Explain why cell potentials are not multiplied by the coefficients in the balanced redox equation. (Use the relationship between \(\Delta G\) and cell potential to do this.)

Short answer

In conclusion, cell potentials are not multiplied by the coefficients in the balanced redox equation because they are intensive properties, meaning they do not depend on the amounts of substances involved in the reaction. Additionally, the relationship between Gibbs Free Energy (ΔG) and cell potential (E) is given by ΔG = -nFE, which does not involve the stoichiometric coefficients. When the entire redox equation is multiplied by a factor k, the cell potential E remains unchanged, and the new ΔG is simply k times the original ΔG.

Step-by-step solution

Recall the relationship between ΔG and cell potential E

The relationship between Gibbs Free Energy (ΔG) and cell potential (E) is given by the following formula: \[ΔG = -nFE\] where: - ΔG is the Gibbs Free Energy (in joules or J), - n is the number of moles of electrons transferred in the redox reaction, - F is the Faraday's constant (96,485 C/mol), and - E is the cell potential (in volts or V).

Understand the meaning of cell potential E

The cell potential E is the difference in potential energy between the two half-reactions of a redox reaction. It determines the capacity of the redox reaction to do work. E is an intensive property, which means it does not depend on the amount or extent of the substances involved in the reaction. It is measured in volts (V) and is independent of the coefficients in the balanced redox equation.

Show how coefficients in the balanced redox equation affect ΔG

Now, let's analyze a generic balanced redox equation, given by: \(aA + bB \rightarrow cC + dD\) According to the stoichiometric coefficients (a, b, c, and d), the reaction can be written in terms of two half-reactions: Reduction: \(aA + ne^{-} \rightarrow bB\) Oxidation: \(cC \rightarrow dD + ne^{-}\) Now, let's calculate the Gibbs Free Energy change (ΔG) for the entire redox reaction. If we multiply the balanced redox equation by any factor k, the reaction would become: \(kaA + kbB \rightarrow kcC + kdD\) Notice that when we multiply the entire redox equation by k, it affects the number of moles of electrons transferred in the reaction as well. The new n would be kn.

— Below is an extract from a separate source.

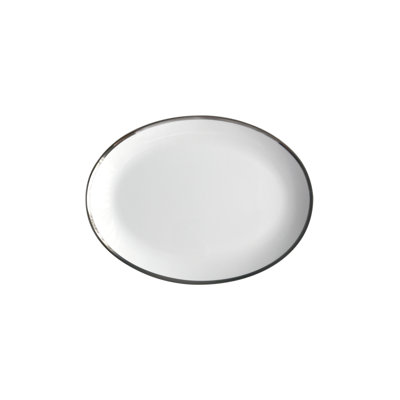 Platinum Edge Bone China Dinner Plate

The ΔG for the new reaction is given by: \[ΔG' = -k \cdot n \cdot F \cdot E\] Since k is constant, and E remains the same (as it does not depend on the coefficients in the balanced redox equation), the new ΔG' is just k times the original ΔG: \[ΔG' = k \cdot ΔG\]

Conclude why cell potentials are not multiplied by coefficients in the balanced redox equation

As shown above, the cell potential E remains the same for the redox reaction despite the coefficients being multiplied by k. This is because E is an intensive property that is independent of the amounts of substances involved in the reaction. Also, the relationship between ΔG and E, given by ΔG = -nFE, is not affected by the stoichiometric coefficients in the balanced redox equation. Thus, it is clear that cell potentials are not multiplied by the coefficients in the balanced redox equation due to their independence from the amounts of substances and their direct relationship with ΔG.